Kala Pemerintah Fokus Lagi Proyek Tanggul Laut Raksasa, Penelitian Ungkap Cara Itu Bukan Solusi

 

 

Belum selesai dengan proyek kontroversi, reklamasi di Pantai Utara Jakarta, kini pemerintah tampaknya kembali fokus melanjutkan proyek National Capital Integrated Coastal Development (NCICD) atau dikenal dengan tanggul laut raksasa, yang hampir dua tahun mandek. Meski begitu, peneliti dari Indonesia maupun Belanda menilai proyek tanggul laut raksasa (giant sea wall) maupun reklamasi Teluk Jakarta bukanlah solusi atasi masalah Jakarta.
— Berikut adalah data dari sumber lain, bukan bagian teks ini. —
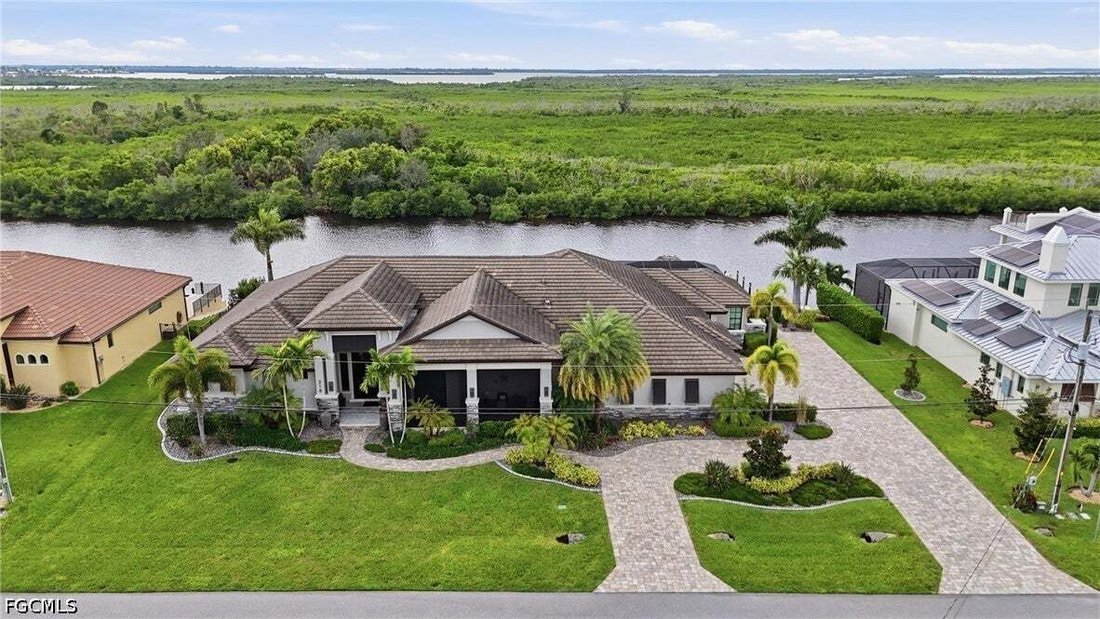 House in Cape Coral, Florida, United States 3 - 19089882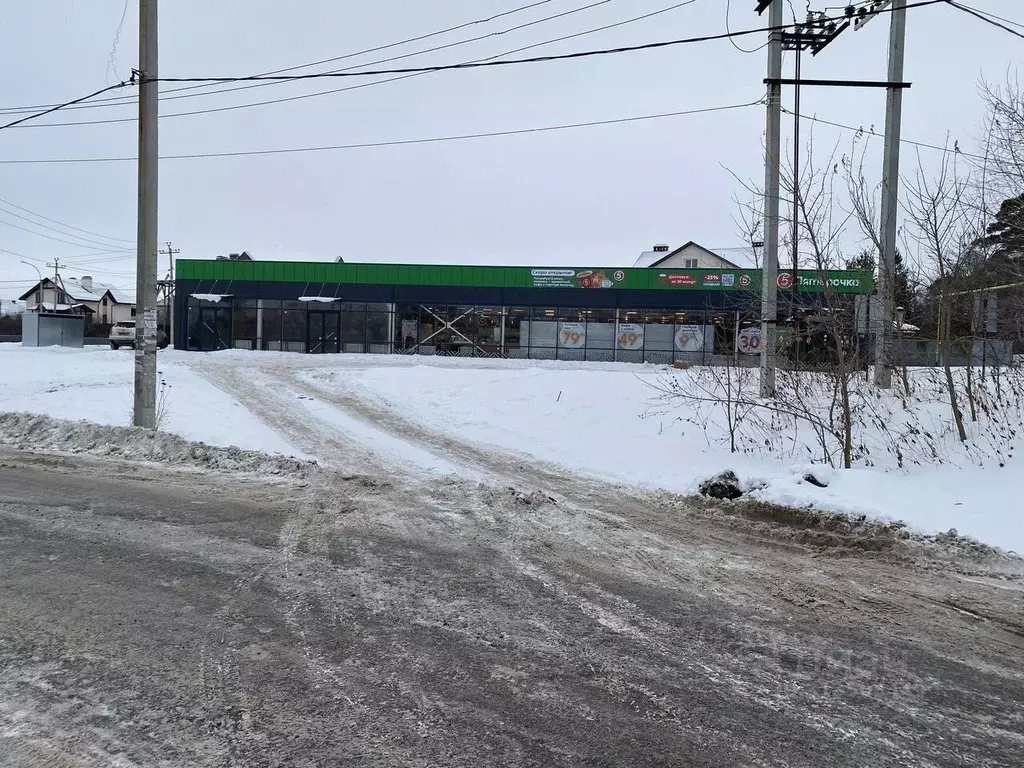 Торговая площадь в Свердловская область, Екатеринбург ул. Узорная, 2 ... - Фото 0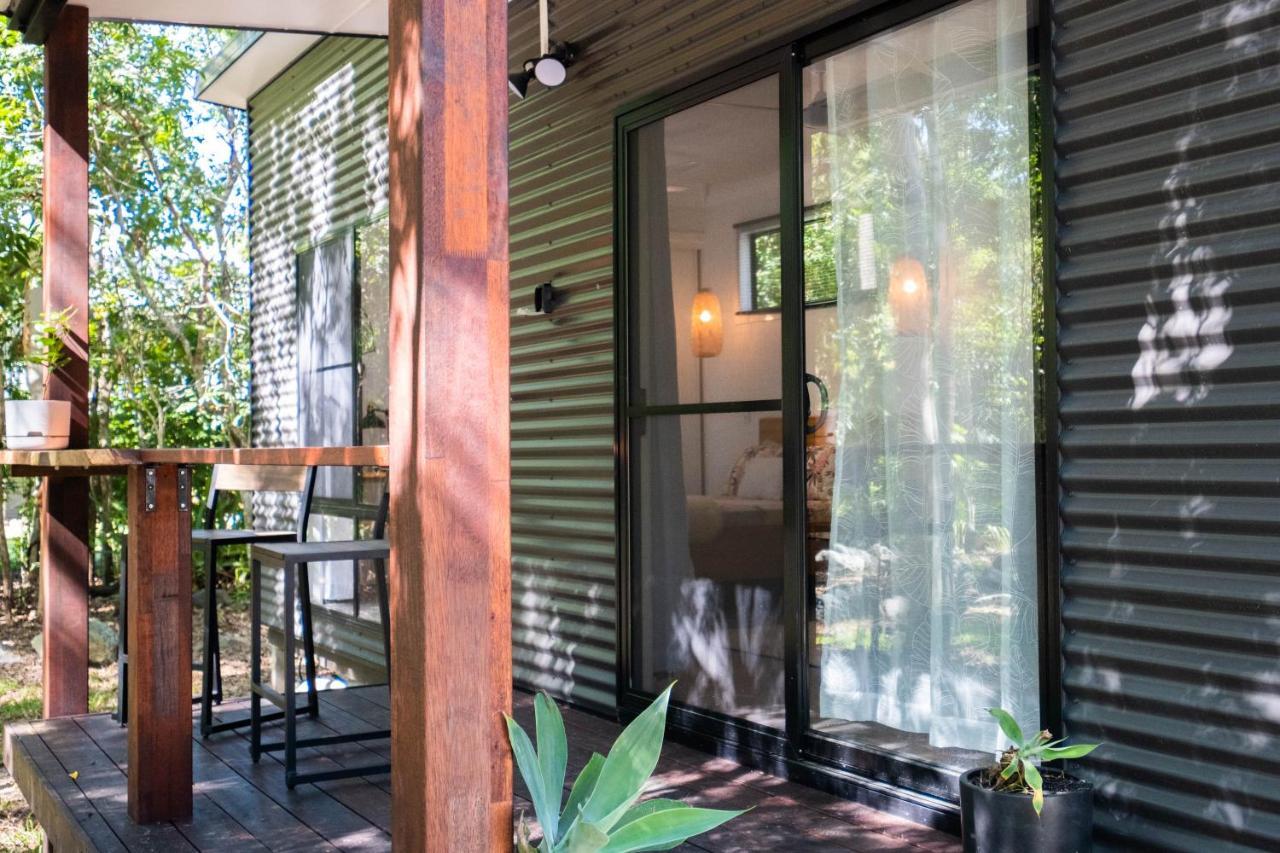 Airlie Beach Eco Cabins - Adults Only Екстериор снимка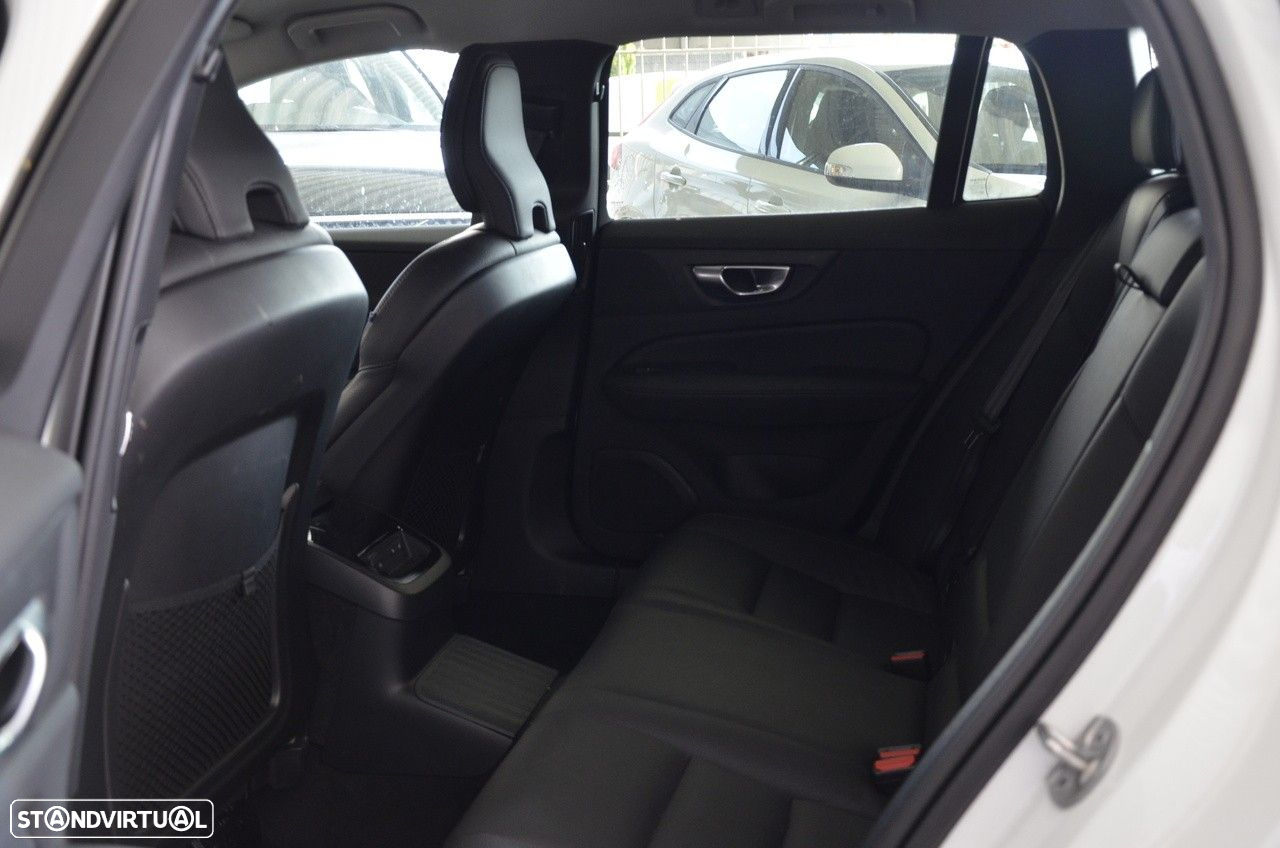 Volvo V60 2.0 T6 AWD TE Plus Dark - 11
Kamis pekan lalu lintas kementerian meninjau proyek NCICD, antara lain Kementerian Kelautan dan Perikanan, Badan Perencana Pembangunan Nasional (Bappenas) dan Kementerian Pekerjaan Umum dan Perumahan Rakyat (PUPR), serta konsultan proyek dari Belanda dan Korea.

”Kami utamakan dahulu darurat bencana di Jakarta, dari hulu ke hilir, bahas reklamasi itu nanti, belum saatnya,” kata Ridwan Djamaluddin, Deputi III Bidang Infrastruktur Kemenko Bidang Maritim. Menurut dia, jdi fokus bangun tanggul 20,1 kilometer yang sedang dikerjakan KPUPR di Teluk Jakarta.
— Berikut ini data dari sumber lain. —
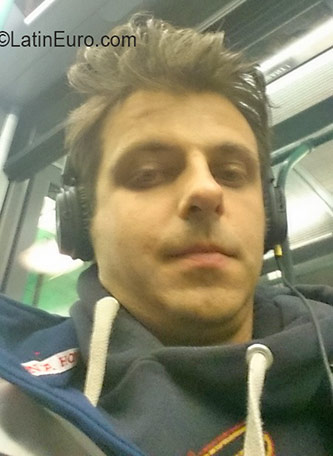 Date this delightful Switzerland man Nic from Geneva CH144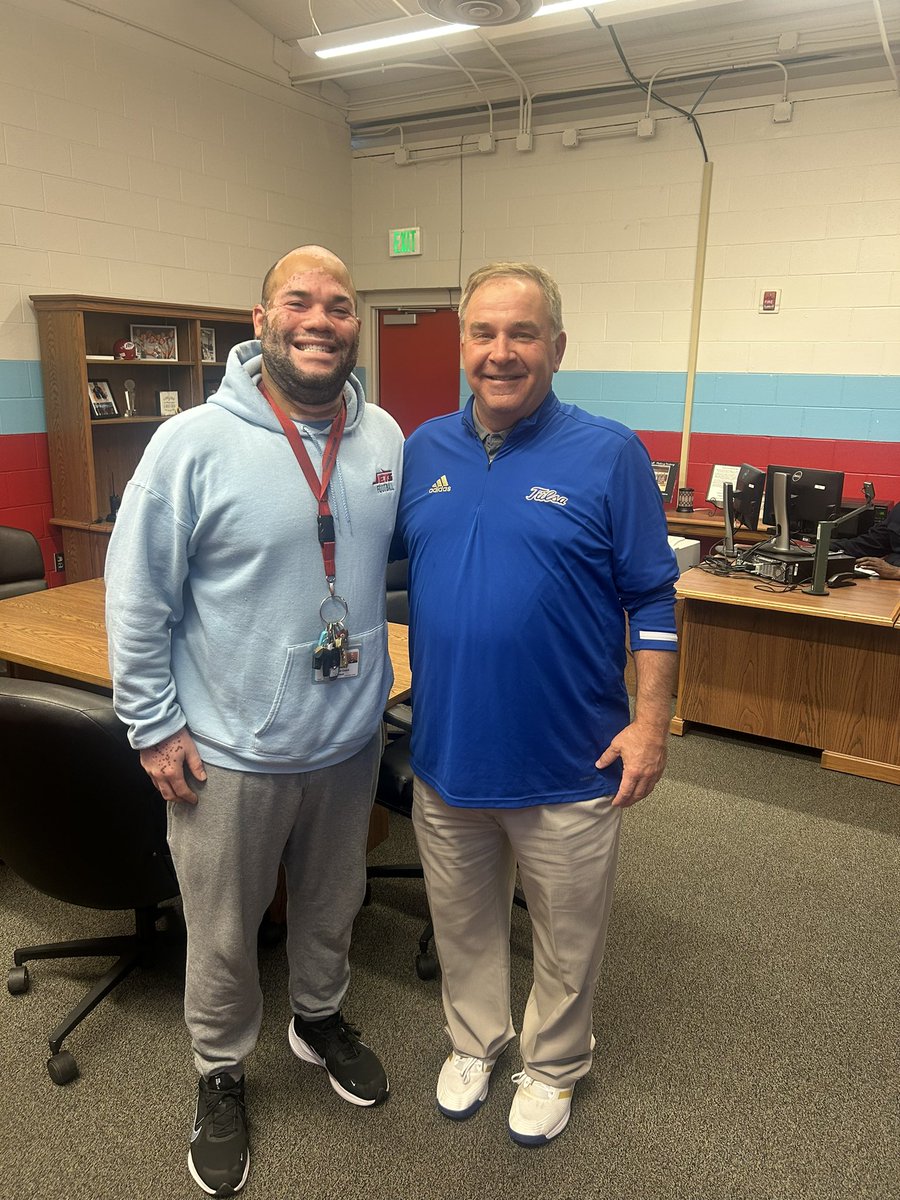Coach_JD38's tweet photo. Wanna THANK Tulsa Head Coach/Former OU Offensive Coordinator @TulsaCoachKDub &amp; Former OU DB/current Abilene Christian DB coach @JWilson_2 for comin by the Heights to check in on some of our Jets! Also, extremely proud of our guy @JaydenJes0217 1st offer from @Coach_JJackson2 🫡🛫 https://t.co/cnxwQUDEhB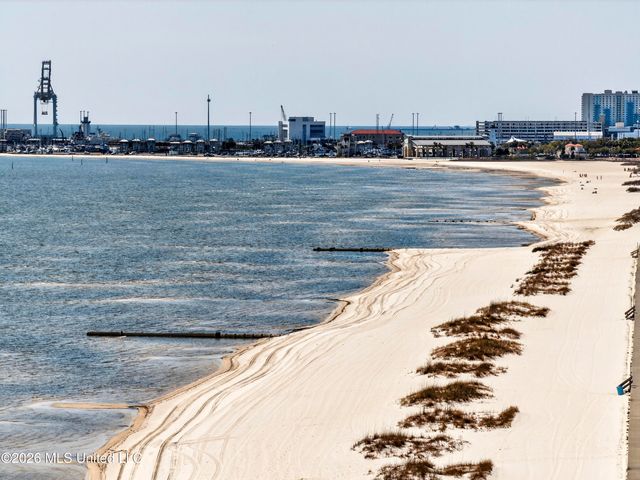 2304 Gulf Avenue, Gulfport, MS 39501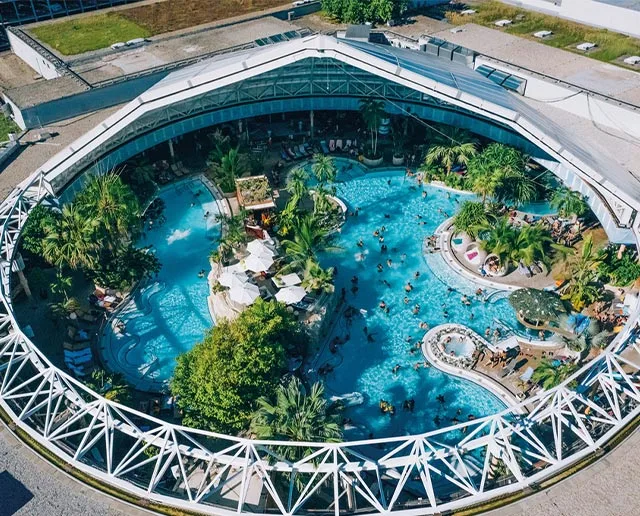 Die Therme Erding bei München ist die größte Therme der Welt ...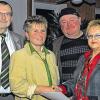 Engagement für den VdK: Der Vorsitzende des Ortsverbandes Großlangheim, Günther Schmidt (links), und Kreisgeschäftsführerin, Roswitha Kramer (rechts), ehrten Helga Schmidt und Reinhold Schmitt für deren Einsatz für den VdK.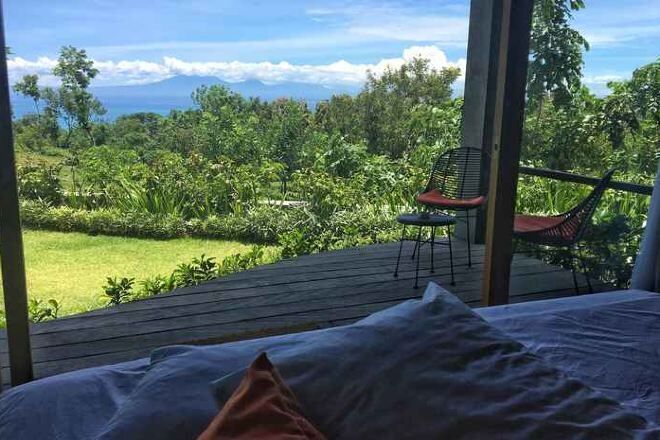 أغطية فراش متميزة وميني بار وخزنة داخل الغرفة وستائر تعتيم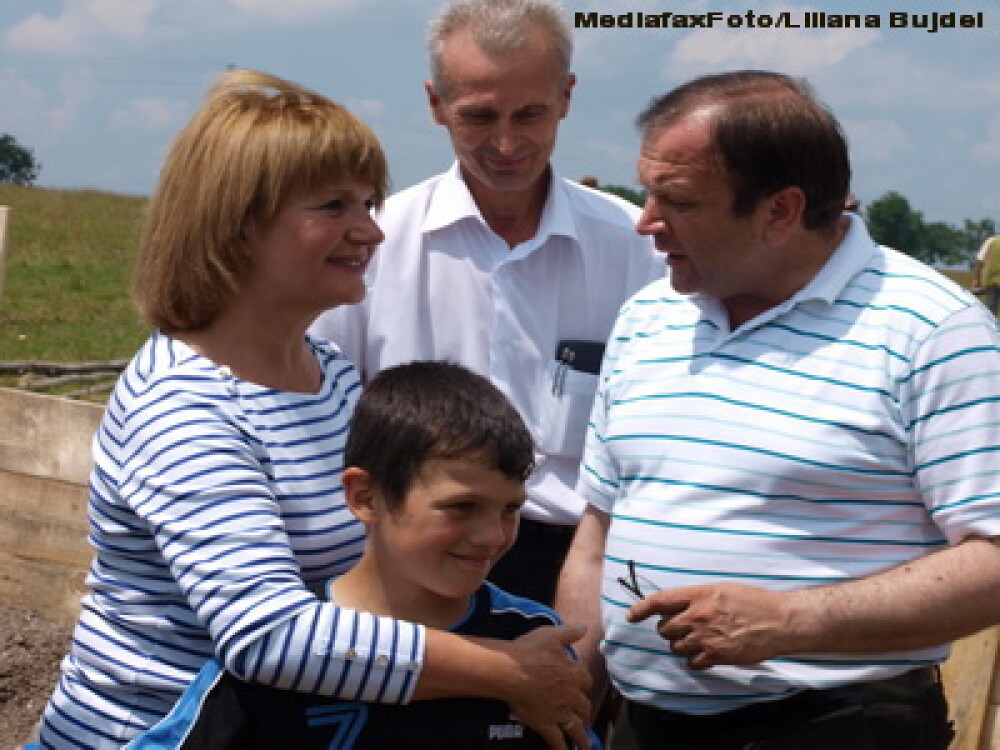 Femeile din familia Basescu ii ajuta pe sinistrati - Imaginea 2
Proyek NCICD, katanya, merupakan strategi proyek jangka pendek yang bisa dimanfaatkan jangka panjang dalam menanggulangi bencana Jakarta, seperti banjir rob dan penurunan tanah. Peningkatan sanitasi lingkungan, khusus pengelolaan air besih juga jadi sasaran selanjutnya.
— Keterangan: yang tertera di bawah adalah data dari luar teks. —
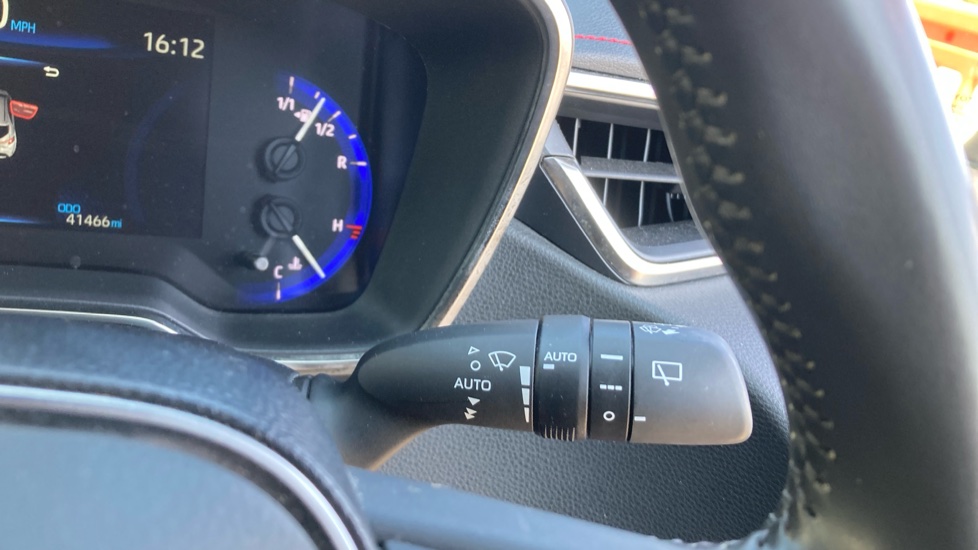 Toyota Corolla 1.8 VVT-i Hybrid Excel 5dr CVT Hybrid Hatchback - Image 33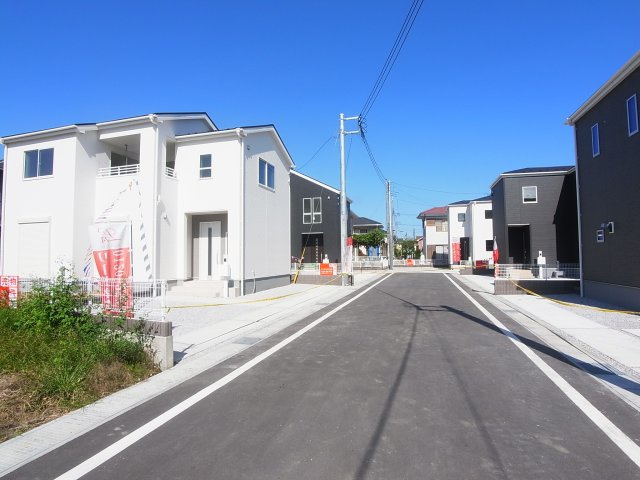 新築　前橋市上新田町第8　Livele Garden.S　1号棟の前面道路含む現地写真|現地写真　東側接道幅員約6ｍ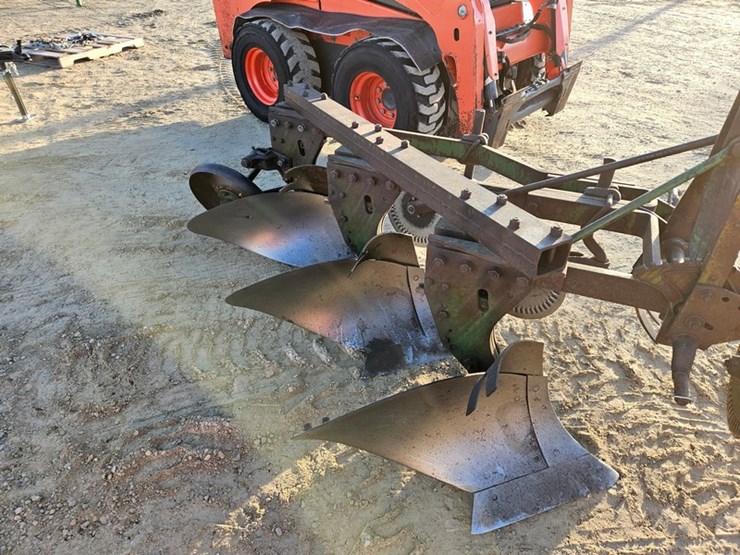 john-deere-125-image-12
Untuk kelanjutan proyek reklamasi Teluk Jakarta, katanya keluar Juli nanti melalui laporan pendahuluan. Kementerian terkait sepakat, pengembangan Teluk Jakarta akan dipertimbangkan jangka panjang setelah strategi jangka pendek terlaksana.

”Kita tak perlu menutup mata ada pulau C dan G sudah setengah jadi. Jadi tentu harus ada kepastian hukum terkait pengembangan proyek itu,” katanya.

Kepastian hukum, katanya, akan dipertimbangkan matang. Pasalnya, banyak persoalan reklamasi menimbulkan kontra yang perlu dilihat dari berbagai kajian.

“Saya kira semua harus dilihat dengan profesional, lihat kajian ilmiahnya. Tak bisa disangkutkan dengan politik, mau gubernurnya siapa juga kalau kajian ilmiah setuju ya bisa lanjut, begitupun sebaliknya,” ucap Ridwan.

Senada diungkapkan Alan Koropitan, Ahli Oseanografi dari Institut Pertanian Bogor (IPB). ”Tetap pada kajian ilmiah, kita harus mengkaji keberadaan pulau ini mengganggu atau tidak. Kalau mengganggu secara signifikan, ya bongkar,” katanya. Kajian itu, perlu dilakukan lebih detail dengan simulasi oleh KLHK.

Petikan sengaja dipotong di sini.